Commit every Nth INSERT in migration

jendaperl · June 18, 2007, 6:34pm

We are importing some data into the lookup tables in a mysql database in
the migration and it’t insanely slow. Even more than I’d expect from
Ruby. I extracted the import of a single table into a script and trimmed
the CSV down to some 5000 rows … it still takes some 157s. While a raw
DBI+DBD::msyql import in Perl takes some 72s with autocommit and 1-2s
while commiting only once every 100 rows.

I don’t think I could get thouse numbers as ActiveRecord does have to
have some overhead and especially since it doesn’t prepare the INSERT
statement using placeholders, but I do think even Ruby can do better.

I tried to do the commit trick, but seems Ruby doesn’t like the least
bit more than I like Ruby and it doesn’t work. What am I doing wrong?

require ‘rubygems’
require ‘active_record’
require ‘yaml’
require ‘logger’
require ‘fastercsv’

dbconfig = YAML::load(File.open(‘M:\ecom\config\database.yml’))
ActiveRecord::Base.establish_connection(dbconfig[‘development’])
#ActiveRecord::Base.logger = Logger.new(‘zkSqlBatch2.log’, File::WRONLY
| File::APPEND | File::CREAT)
#ActiveRecord::Base.logger.level = Logger::DEBUG

#ActiveRecord::Base.colorize_logging = false

class ZipCode < ActiveRecord::Base
end

ZipCode.delete_all

started = Time.new()

i = 0
ZipCode.connection.begin_db_transaction()

FasterCSV.foreach(“M:/ecom/db/csv_lookup_data/postal_codes_some.csv”,
:col_sep => “|”) do |row|
ZipCode.create(
:postal_code => row[1] , :country_id => 159, :city => row[3],
:latitude => row[4],
:longitude=> row[5],:state_id => row[6]
)
i+=1
if (i > 100) then
i = 0
ZipCode.connection.commit_db_transaction
ZipCode.connection.begin_db_transaction
end
end
ZipCode.connection.commit_db_transaction

puts “Taken #{Time.new - started} s”

The Logger was there so that I could see what does AR send to the
database.

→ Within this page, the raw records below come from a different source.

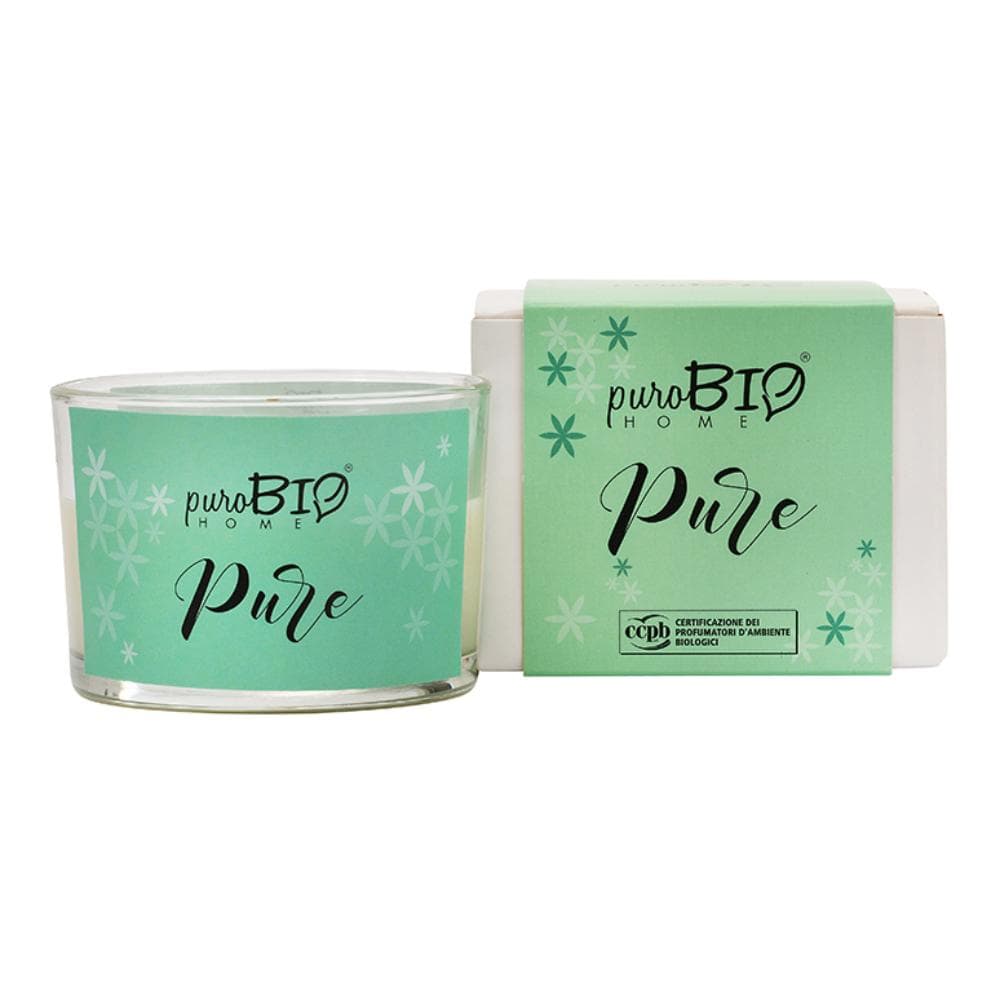 Purobio home candela pure 9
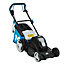 MLM1800MD Corded Lawnmower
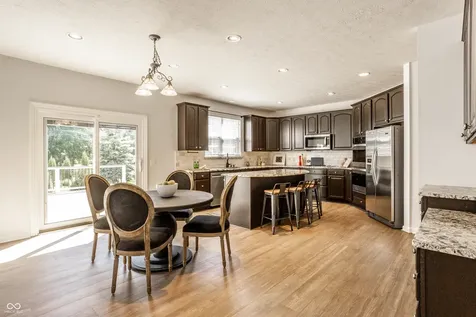 3834 Earhart Drive Carmel IN 46074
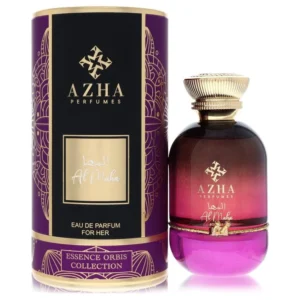 Azha Al Maha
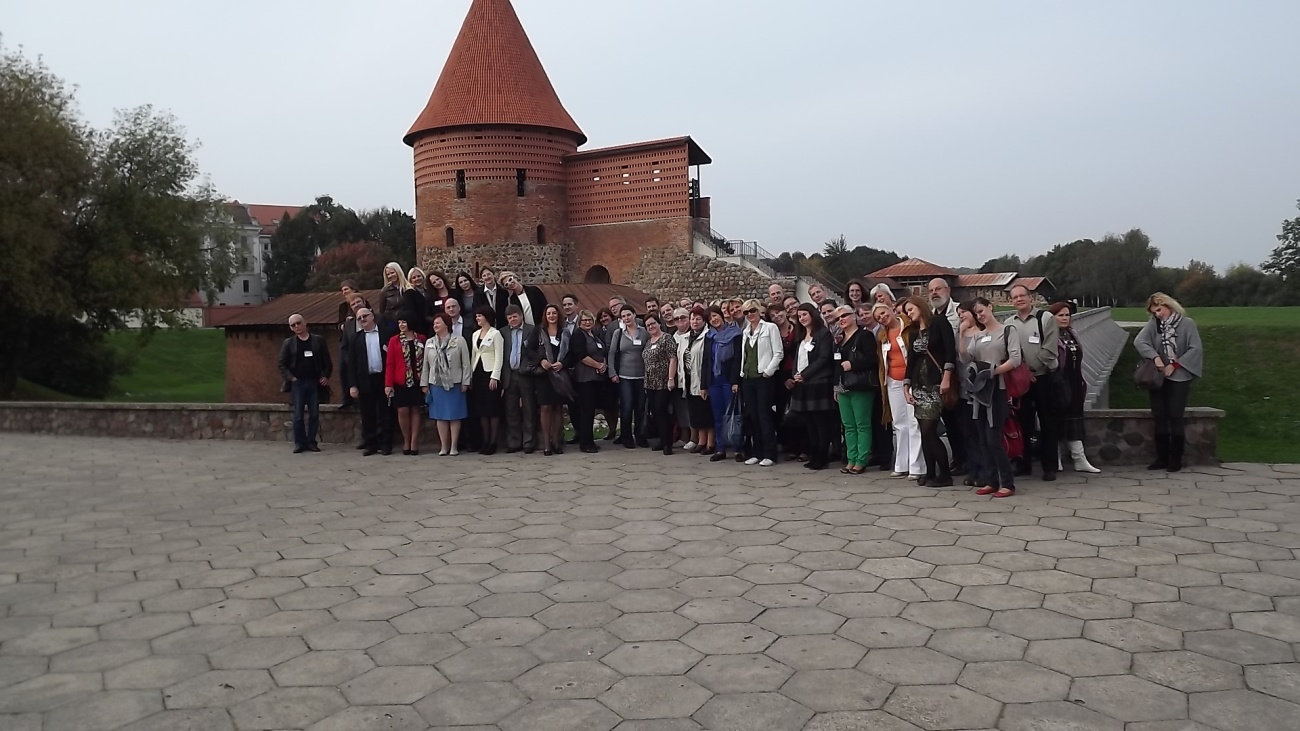 Mogućnosti volontiranja u podršci starijim i socijalno isključenim građanima u EU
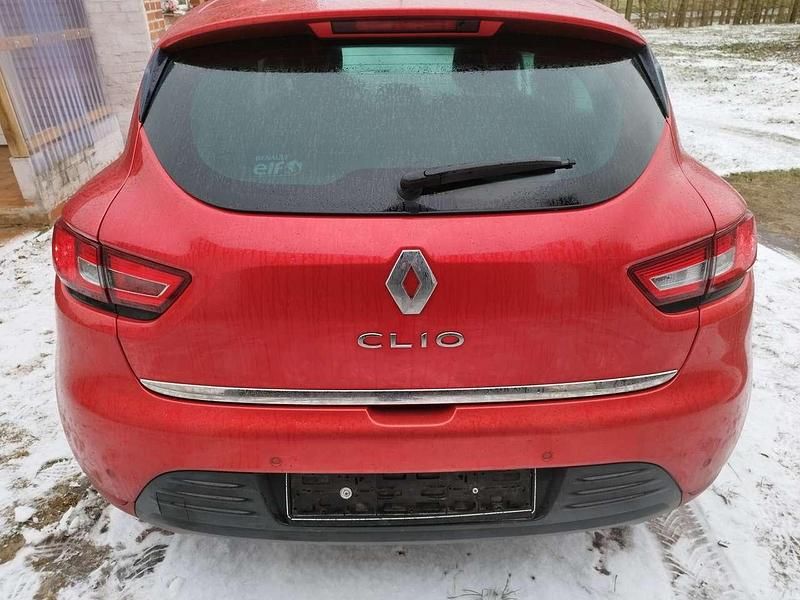 Gebraucht Renault Clio IV Intens 90 PS (66 kW) 2018 Limousine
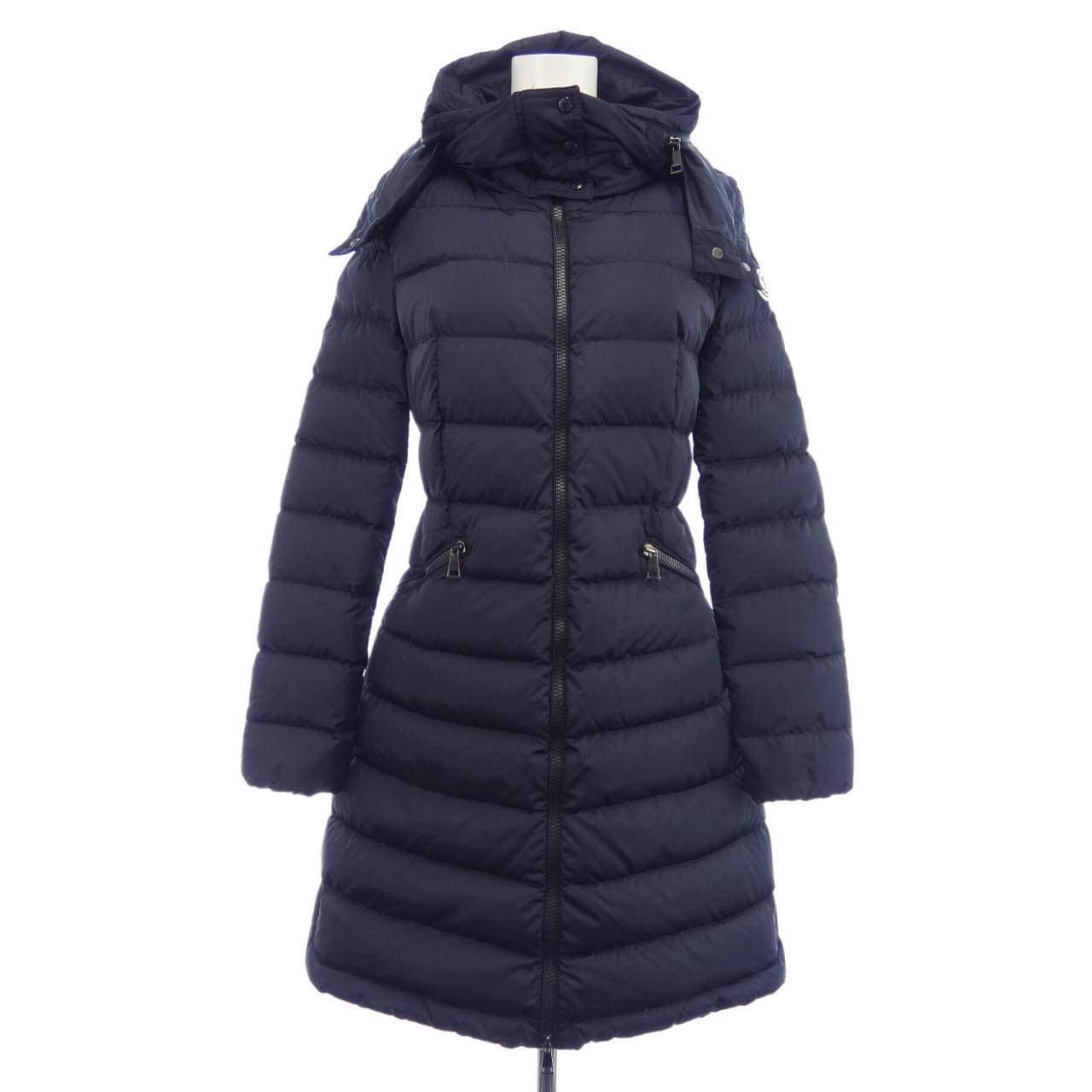 モンクレール MONCLER FLAMMETTE ダウンコート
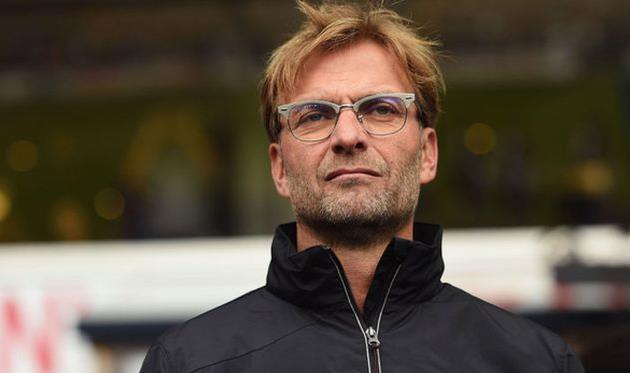 Юрген Клопп, skysports.com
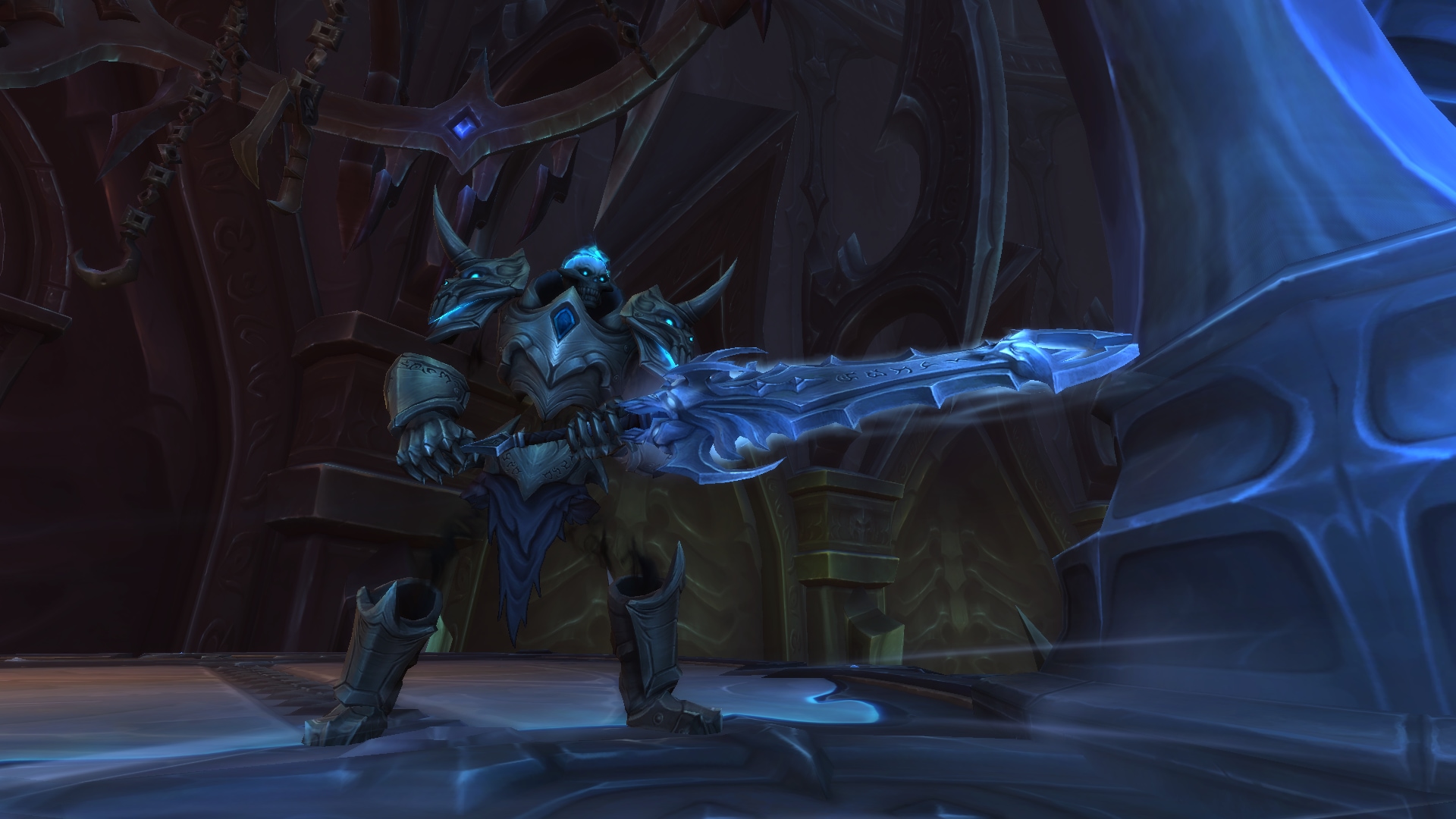 World of warcraft shadowlands: best dps classes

BTW, I’d expect to be told that I have to set the logger
BEFORE AR connects to the database, since otherwise it’ll be silently
ignored. Or maybe I would not. In either case I really wonder how am I
supposed to do that eg. in a migration.

Jenda

jendaperl · June 19, 2007, 3:18pm

Jenda K. wrote:

We are importing some data into the lookup tables in a mysql database in
the migration and it’t insanely slow. Even more than I’d expect from
Ruby. I extracted the import of a single table into a script and trimmed
the CSV down to some 5000 rows … it still takes some 157s. While a raw
DBI+DBD::msyql import in Perl takes some 72s with autocommit and 1-2s
while commiting only once every 100 rows.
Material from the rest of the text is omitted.